● **Work instruction**:
Character for character, transcribe the entries below, minus the images.

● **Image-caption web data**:
────────────────
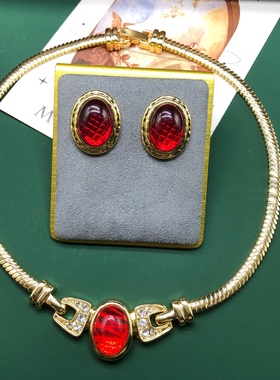 中古风复古宫廷风高级感复古镀真金项链毛衣链新年红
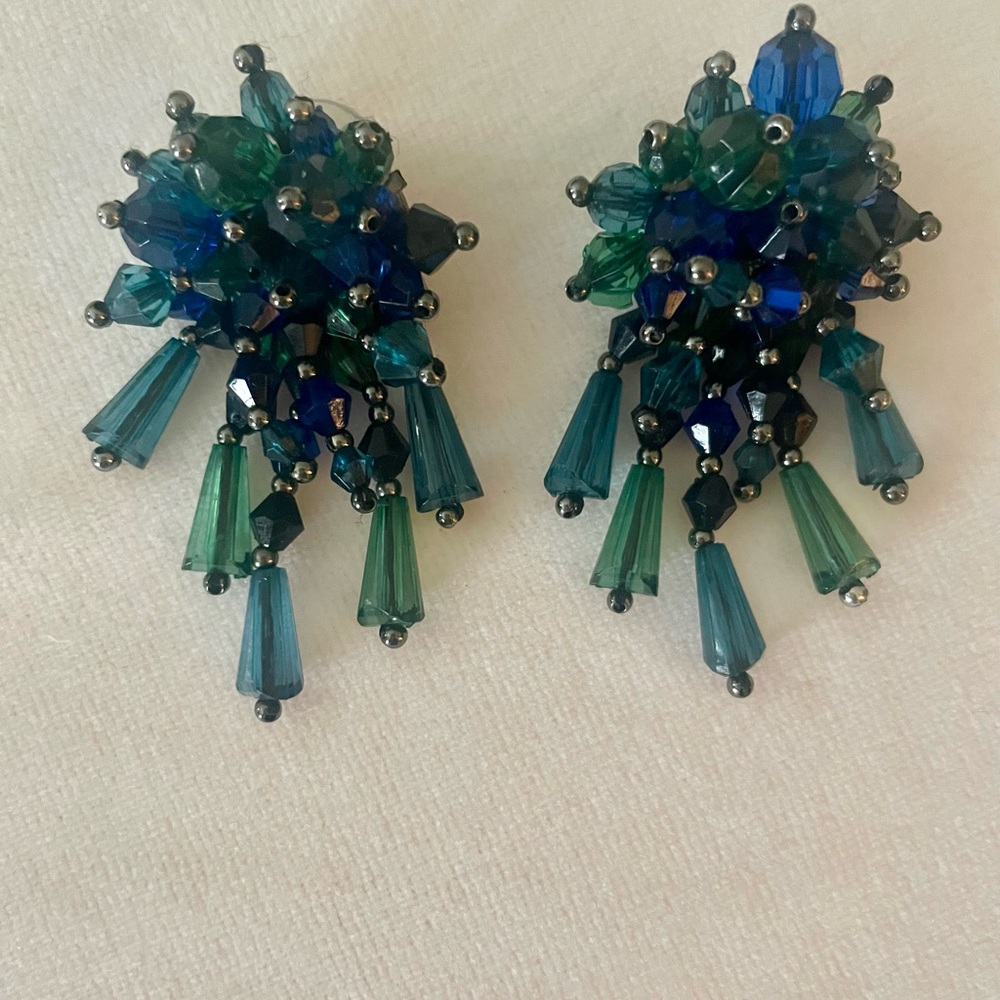Elegant Blue and Green Cluster Earrings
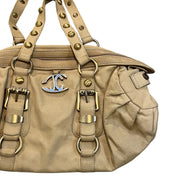 Vintage Leather Just Cavalli Studded Cream Bag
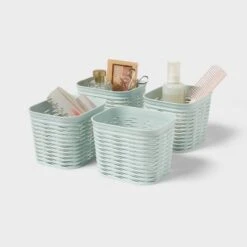 4pk Wave Mini Decorative Basket Mint Green - Brightroom™ -Daily Comfort Store GUEST 40a61d7e 32c9 42b5 8567 d3d05a3e19be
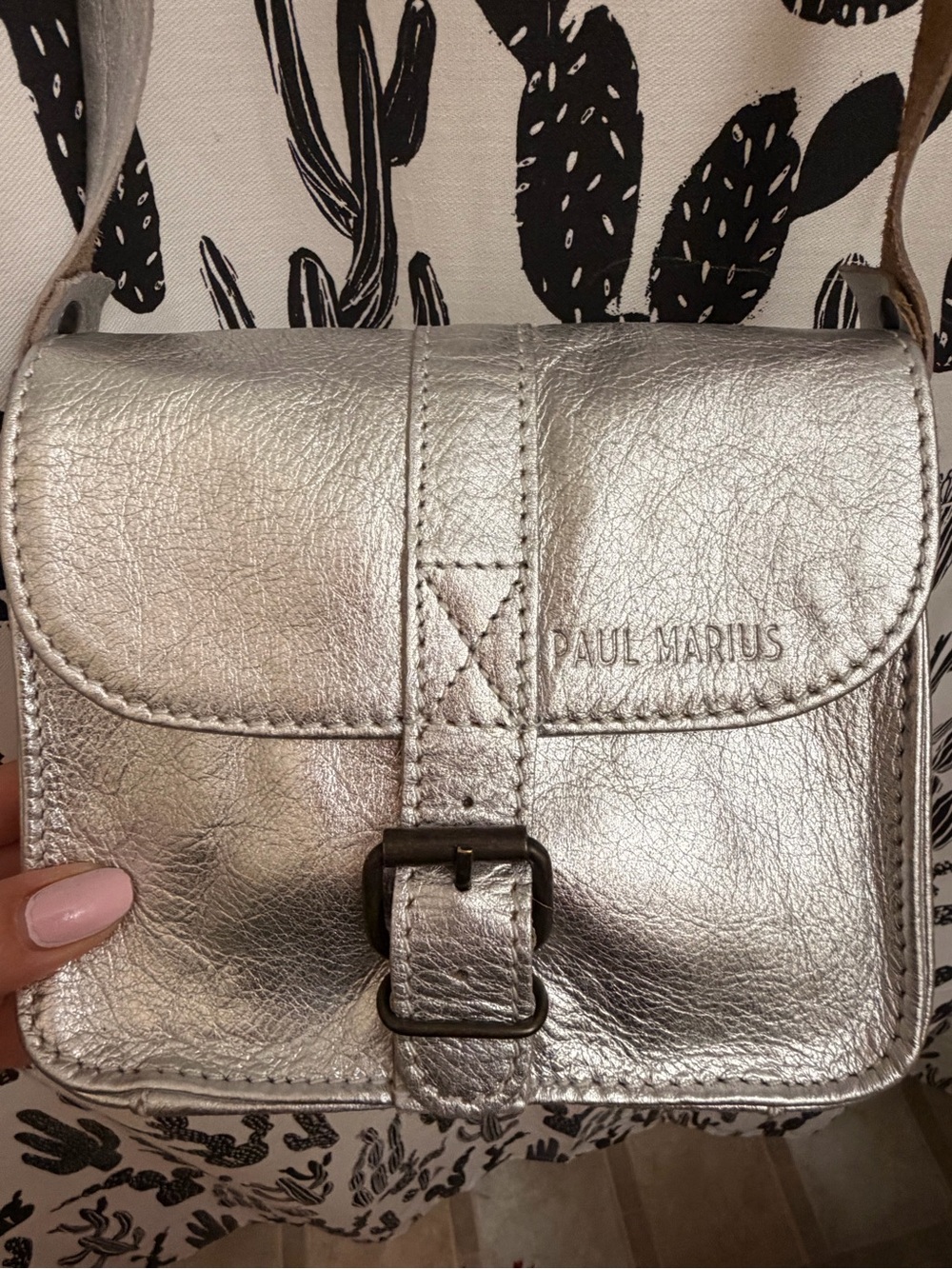 Paul Marius Maroquinerie Metallic Silver Leather Crossbody Purse NWOT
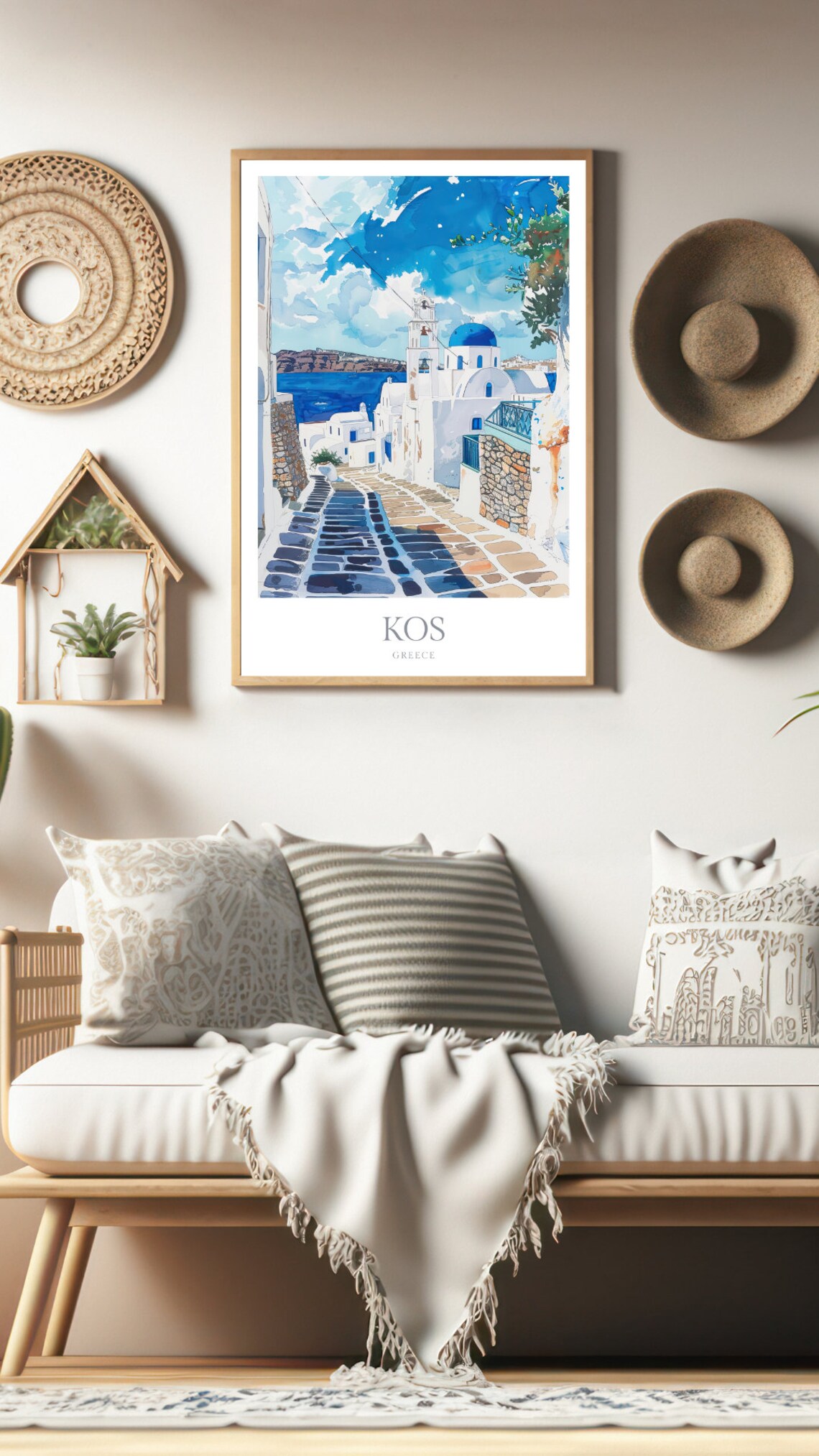 Kos Greece Watercolor Travel Poster, Home Decor - Image 2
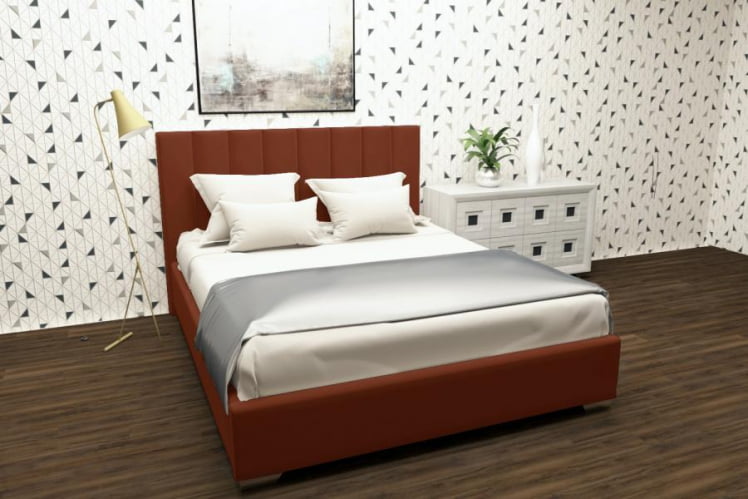 Мягкая интерьерная кровать Терра с подъемным механизмом Цвет фасада: Оранжевый; Материал фасада: Металл/Велюр; Спальное место: 1600х2000 мм_0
────────────────
● **Written response**:
 中古风复古宫廷风高级感复古镀真金项链毛衣链新年红
Elegant Blue and Green Cluster Earrings
 Vintage Leather Just Cavalli Studded Cream Bag
 4pk Wave Mini Decorative Basket Mint Green - Brightroom™ -Daily Comfort Store GUEST 40a61d7e 32c9 42b5 8567 d3d05a3e19be
 Paul Marius Maroquinerie Metallic Silver Leather Crossbody Purse NWOT
 Kos Greece Watercolor Travel Poster, Home Decor - Image 2
 Мягкая интерьерная кровать Терра с подъемным механизмом Цвет фасада: Оранжевый; Материал фасада: Металл/Велюр; Спальное место: 1600х2000 мм_0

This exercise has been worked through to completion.